The problem:
With pictures left out, retype exactly the lines from the one containing "this 840×472 image." through the final line of the entries.

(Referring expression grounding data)
━━━━━━
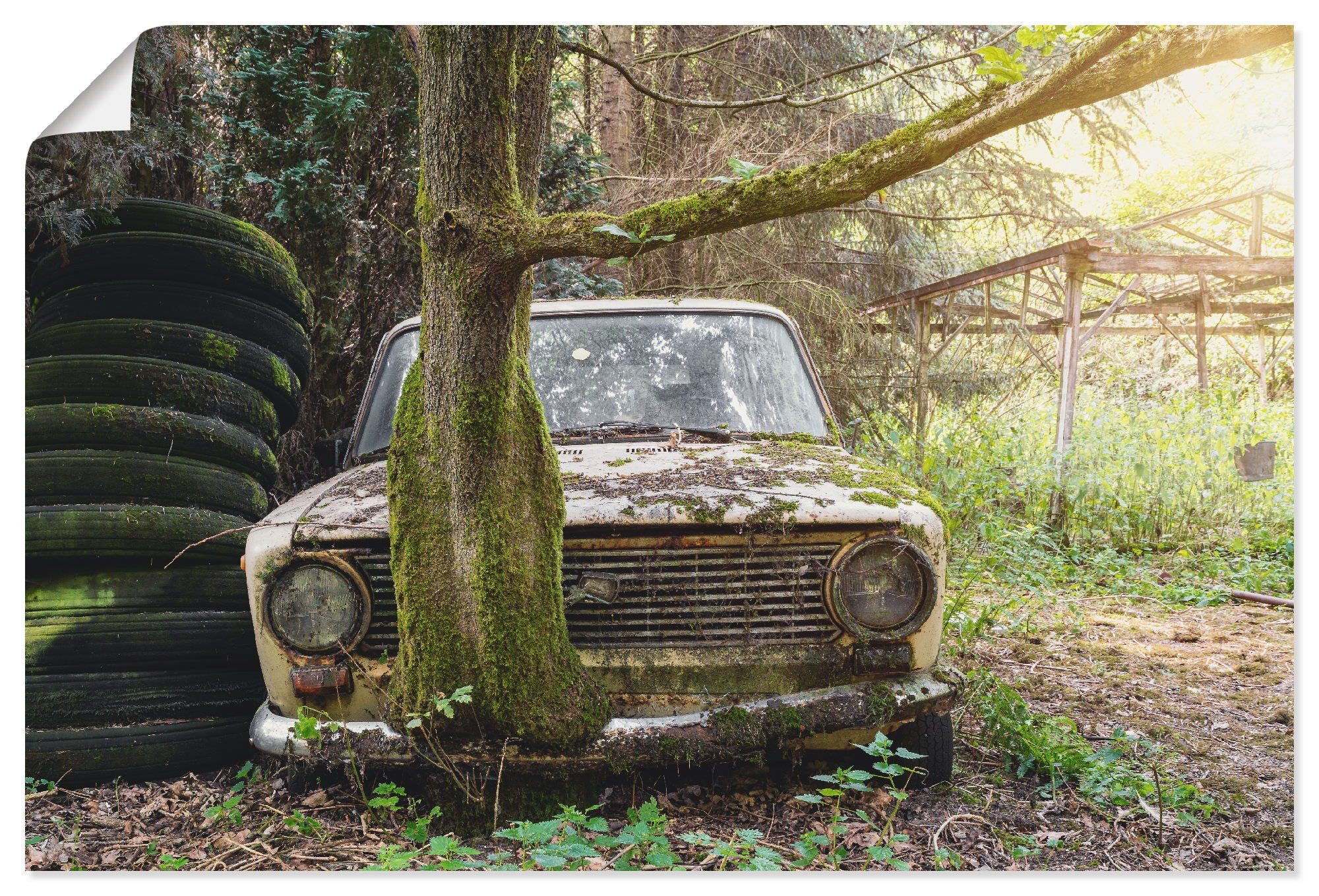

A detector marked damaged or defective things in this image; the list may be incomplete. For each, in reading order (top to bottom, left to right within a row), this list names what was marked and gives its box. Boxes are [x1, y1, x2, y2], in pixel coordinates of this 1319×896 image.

abandoned car [243, 297, 960, 780]
rusty car body [245, 297, 960, 775]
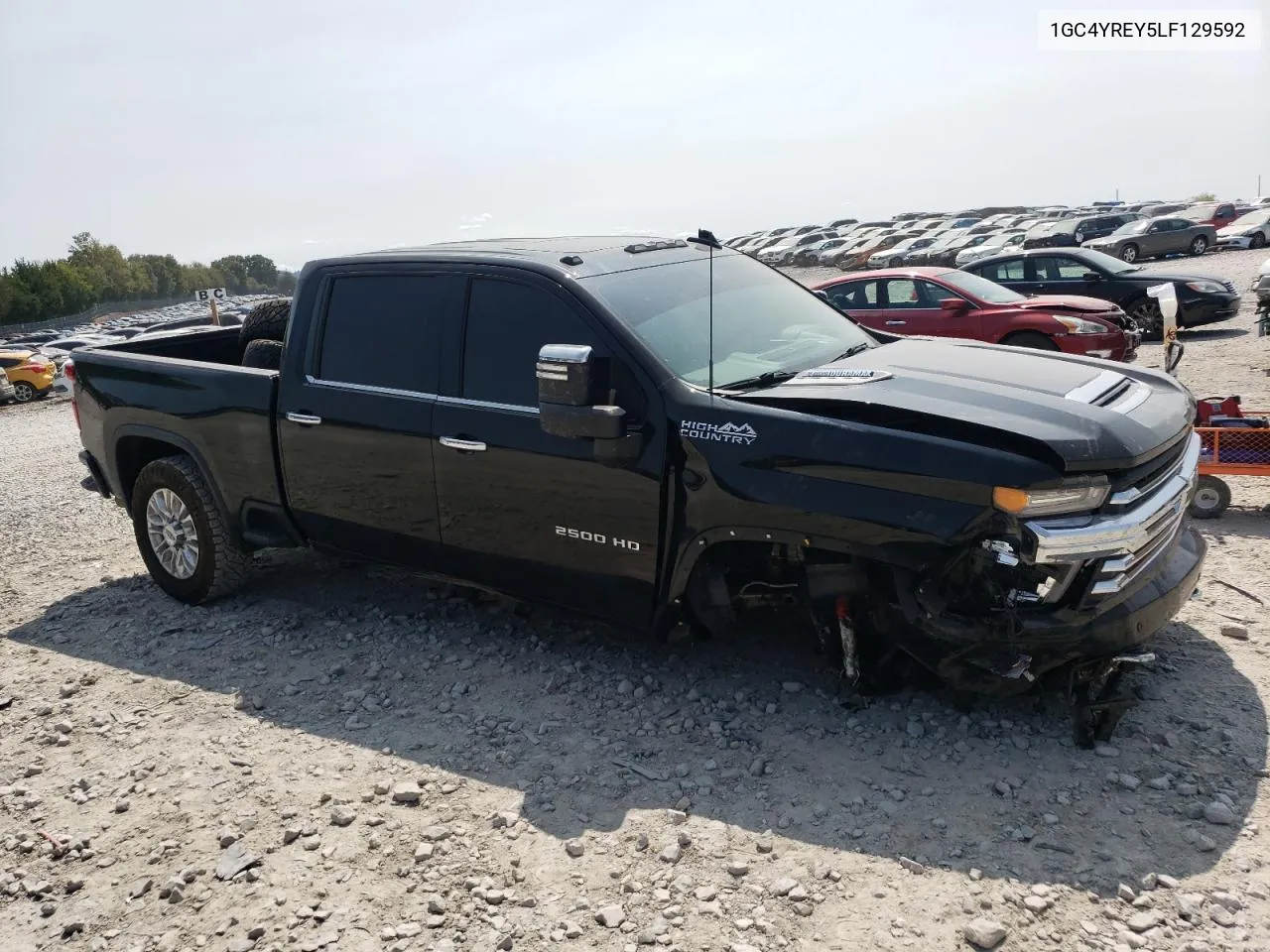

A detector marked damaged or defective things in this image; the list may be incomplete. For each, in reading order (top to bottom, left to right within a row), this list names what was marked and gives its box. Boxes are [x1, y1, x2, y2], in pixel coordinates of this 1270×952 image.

crumpled hood [738, 339, 1199, 472]
damaged front end [877, 432, 1206, 746]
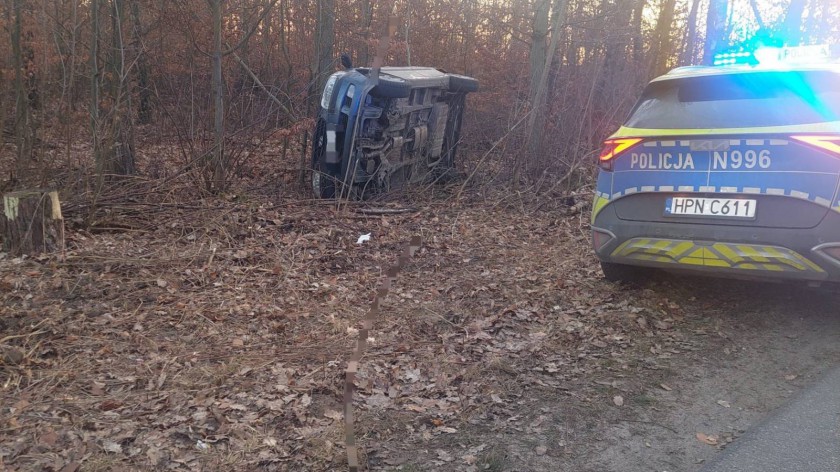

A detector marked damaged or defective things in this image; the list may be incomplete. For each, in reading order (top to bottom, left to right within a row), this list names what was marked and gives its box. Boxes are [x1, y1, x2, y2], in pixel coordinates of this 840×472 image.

overturned blue vehicle [310, 63, 480, 196]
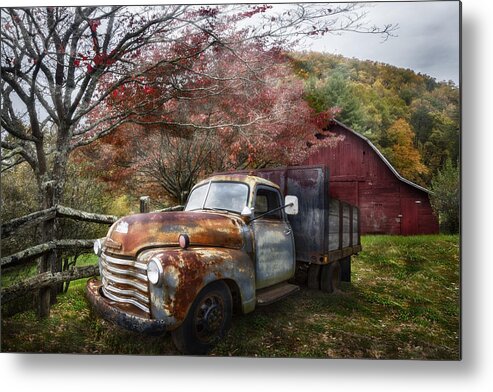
━━━━━━
Output of the task:
A detector marked damaged or defective things in this image; the list may be incomplete. For each, in reading order (top to bottom, left to right within a row), this list names what was marked and gives its box. Boxes are [x1, y1, x2, y2], in pixel coordinates of this 840×472 image.

overturned blue vehicle [310, 63, 480, 196]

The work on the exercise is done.